Auf und Ab entlang der Flüsse

Wandern Wer in die Ardennen fährt, stößt hinter hübschen Häuserzeilen auf bildschöne Gebirgszüge, die dem Fluss entlang erwandert werden können.
  • Foto: Wolfgang Albers

Höhenmeter ohne Ende: Von Rochehaut – was ja nichts anderes als hoher Felsen heißt – sieht man weit in die Tiefe. Auf einen Fluss, der sich tief eingegraben hat, von steilen Hängen flankiert wird und eine Schleife um eine Halbinsel gelegt hat. Da ist hübsch ein Dorf mit Namen Frahan drauf drapiert, eine mehrbögige Brücke führt darauf zu, die Kirche sitzt am höchsten Punkt.

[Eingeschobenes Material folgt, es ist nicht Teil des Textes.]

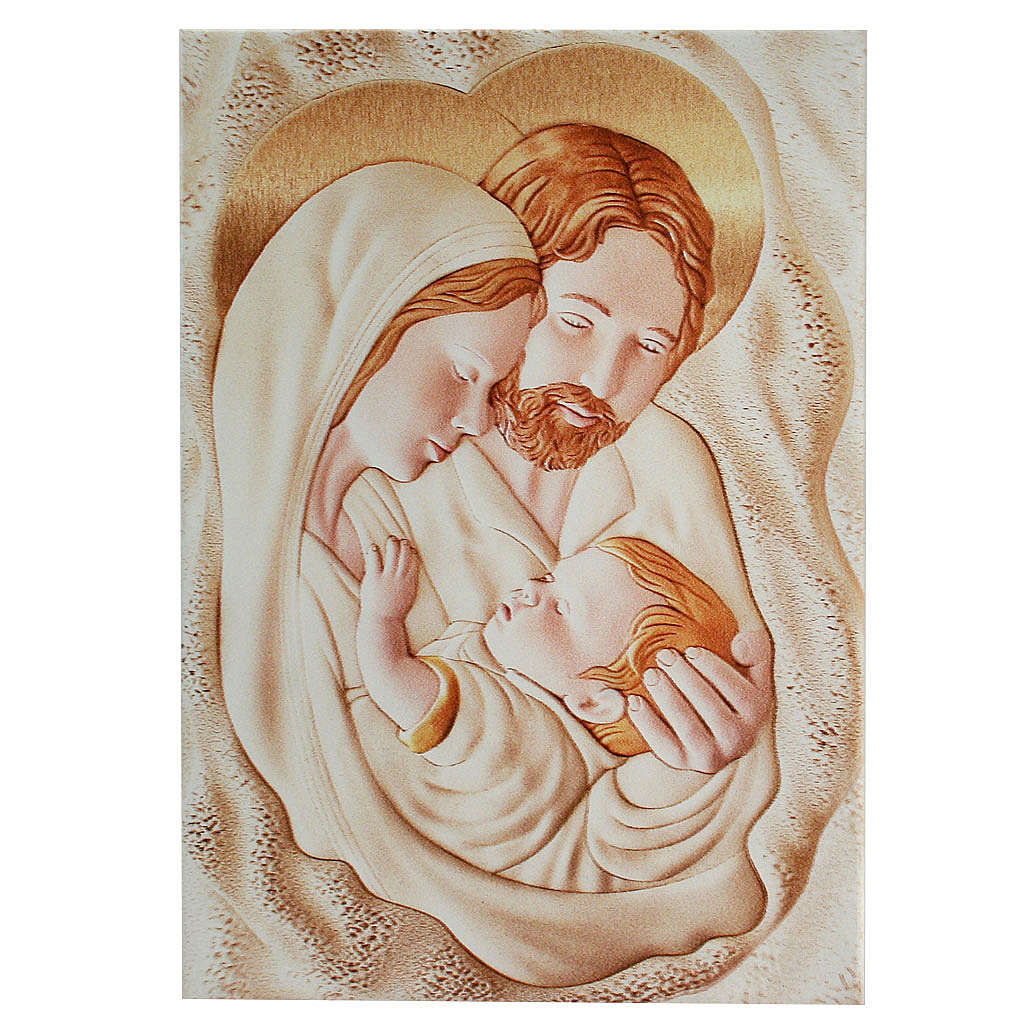 1024x1024 Painting Holy Family Rectangular Shaped 10,5x15cm Online Sales - Holy Family Sketch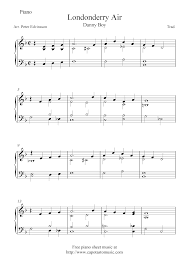 Sheet music arranged for piano/vocal/guitar in b minor (transposable). Free Easy Piano Sheet Music Arrangement Of The Melody Danny Boy Londonderry Air Free Printable Sheet Mu Sheet Music Easy Piano Sheet Music Piano Sheet Music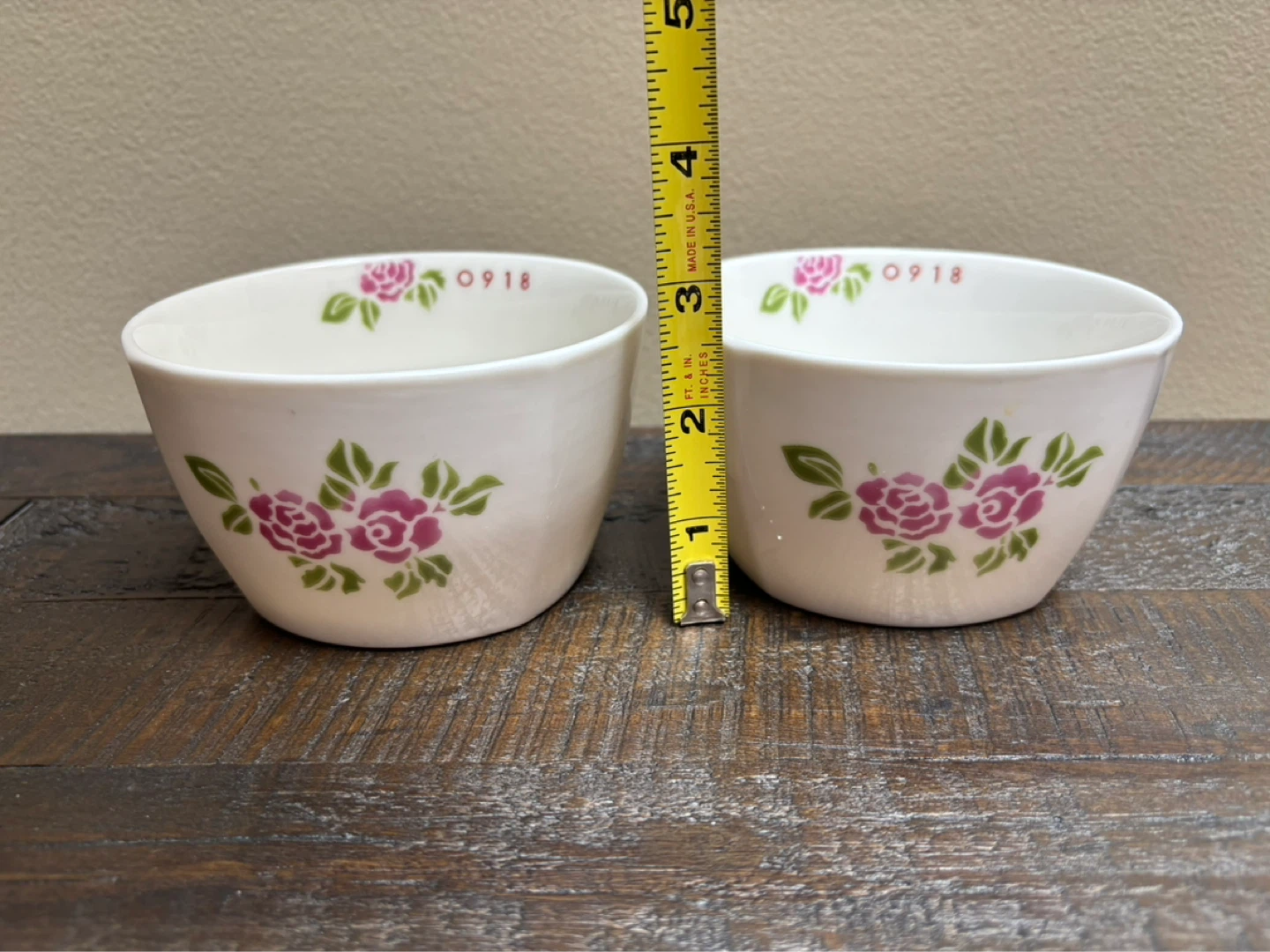 Set of 2 ceramic bowls & chopsticks rest - photo 2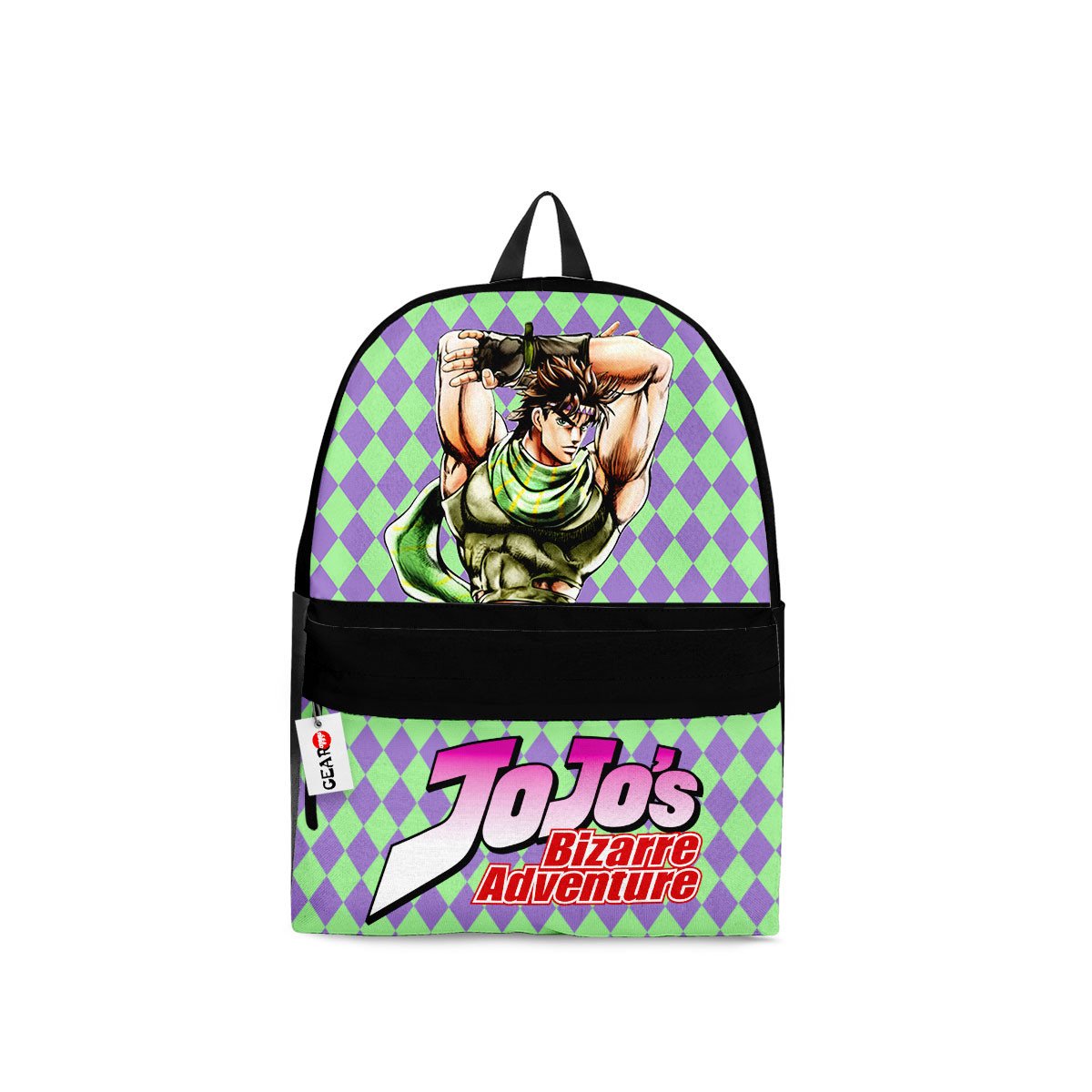 BEST Joseph Joestar JoJo’s Bizarre Adventure Anime Printed 3D Leisure Backpack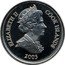 Cook Islands Dollar 20 Euro banknote 2003 KM# 464 ELIZABETH II COOK ISLANDS 2003 coin obverse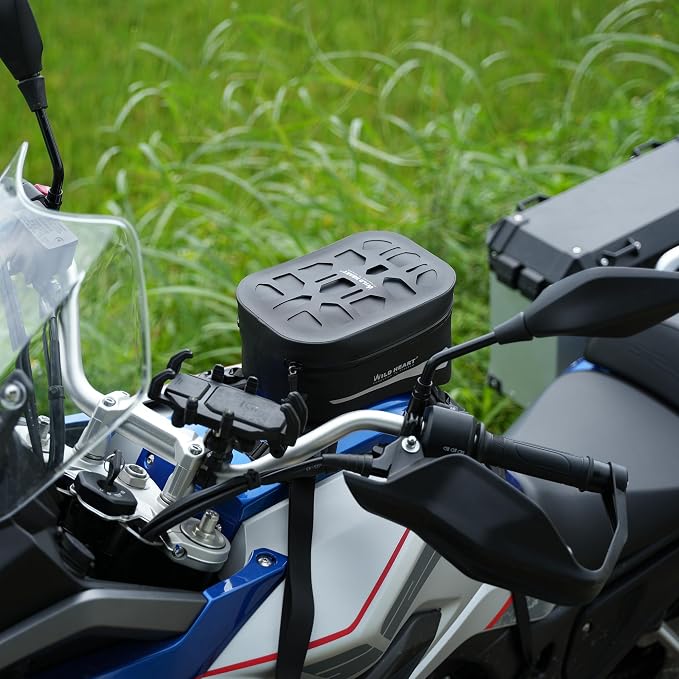 WILD HEART Motorcycle Tank Bag is Compatible with Most Motorcycle Outdoor Riding Accessories (Black)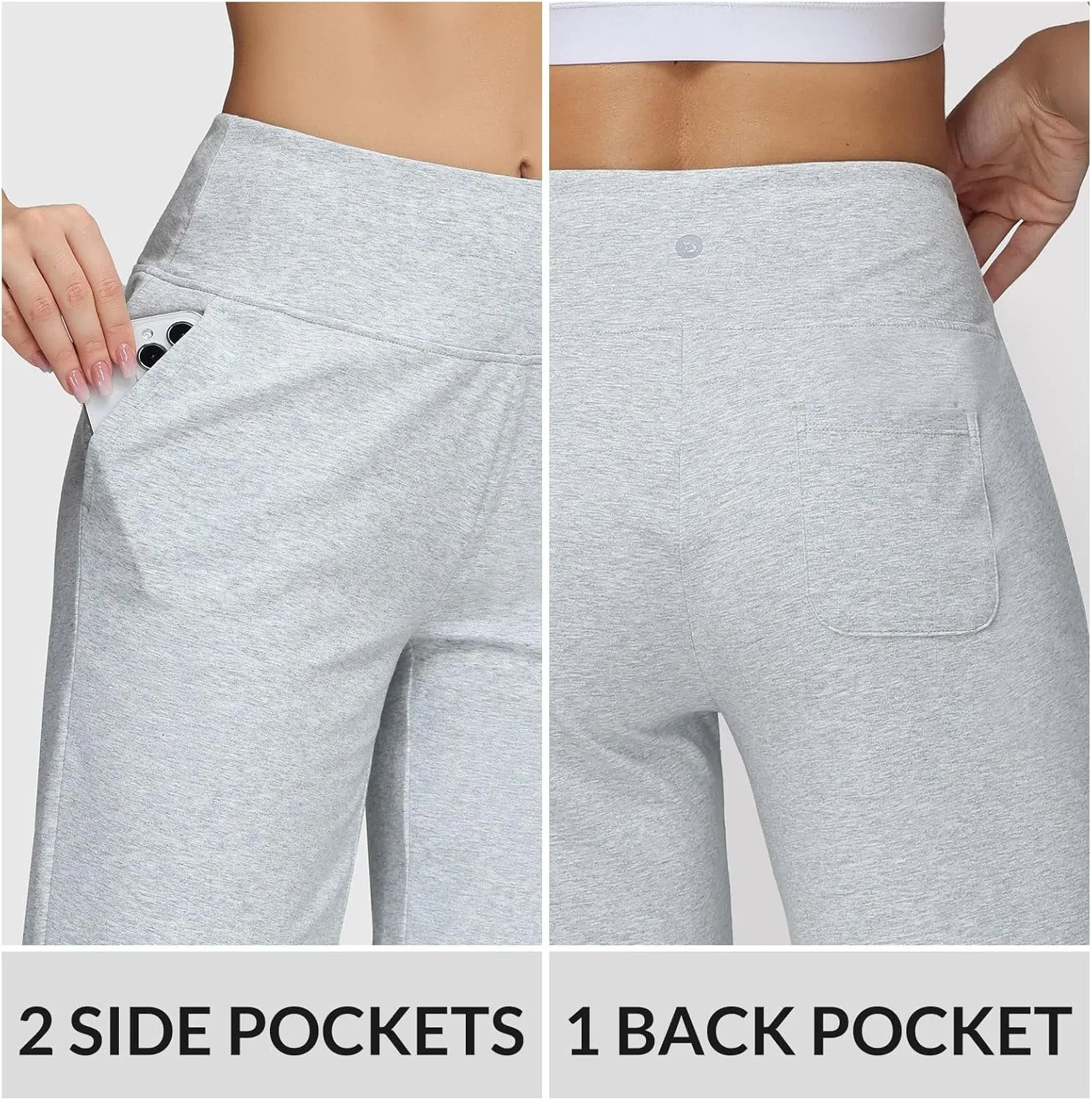baleaf Womens 12" Long Bermuda Shorts Knee Length Cotton Athletic Shorts Sweat Casual Lounge Walking Summer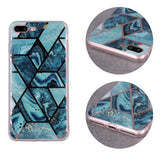 Husa Silicon, Xiaomi Redmi 9A/9AT/9i, Print de Marmura, Albastru Inchis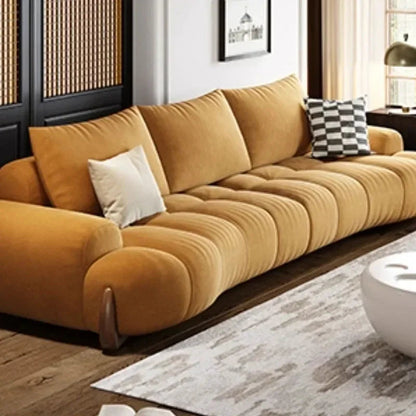 Curved Luxury Living Room Sofa Set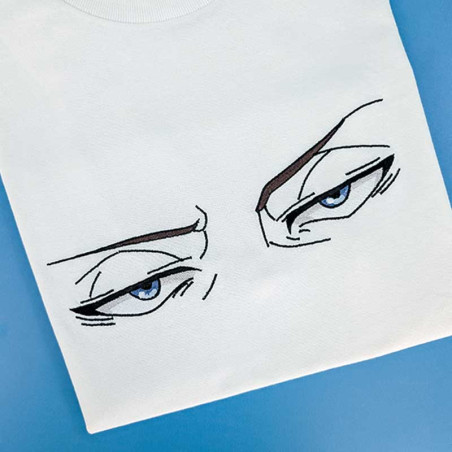 T-shirt brodé oversize - LIVAÏ - unisexe ⚔️👀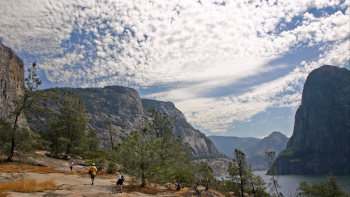 Group of people hiking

Die Semois schlängelt sich da unten durch, ein typischer Fluss der Ardennen. Die sind nämlich kein aufgefaltetes Gebirge wie die Alpen, sondern ein mächtiges Gesteinspaket aus Schiefer, Sandstein und Kalk. Und so ein erstes Bollwerk für Wolken vom Atlantik – die Gegend ist regen- und wasserreich. Dieses Wasser muss sich dann durch die Felsmasse, die es immerhin bis zu einer Höhe von über 600 Metern schafft, hindurcharbeiten. Und dabei oft Umwege nehmen. Gerade die Semois hat dabei Schleife um Schleife herausmodelliert – und das in einer Landschaft, die bis heute nur sehr wenige Ortschaften hat. Zu rau war den meisten diese Gegend, wo man in Steinbrüchen schuftete oder Tabak über die Grenze zu Frankreich schmuggelte.

Auf felsigen Pfaden am Fluss

Die Semois kurvt also weitgehend unbeeinträchtigt durch die südlichen Ardennen. Was sie zu einer attraktiven Wanderregion macht. Aber auch zu einer fordernden. Schleifenwandern bedeutet, zum Fluss hinabzusteigen, dort den Windungen oft direkt über dem Wasser auf felsigen Pfaden zu folgen, um dann wieder steil in die Höhe zu steigen. Manche Auf- und Abstiege haben alpinen Charakter wie der Leiterweg bei Rochehaut, der tatsächlich Eisenleitern hat. Die Semois-Schleifen kann man im Dutzend ablaufen. Eine umfließt bei Botassart das Tombeau du Géant, das Riesengrab. Ein Hügel mit Kanten, die ihm eine perfekte Sarkophag-Form geben.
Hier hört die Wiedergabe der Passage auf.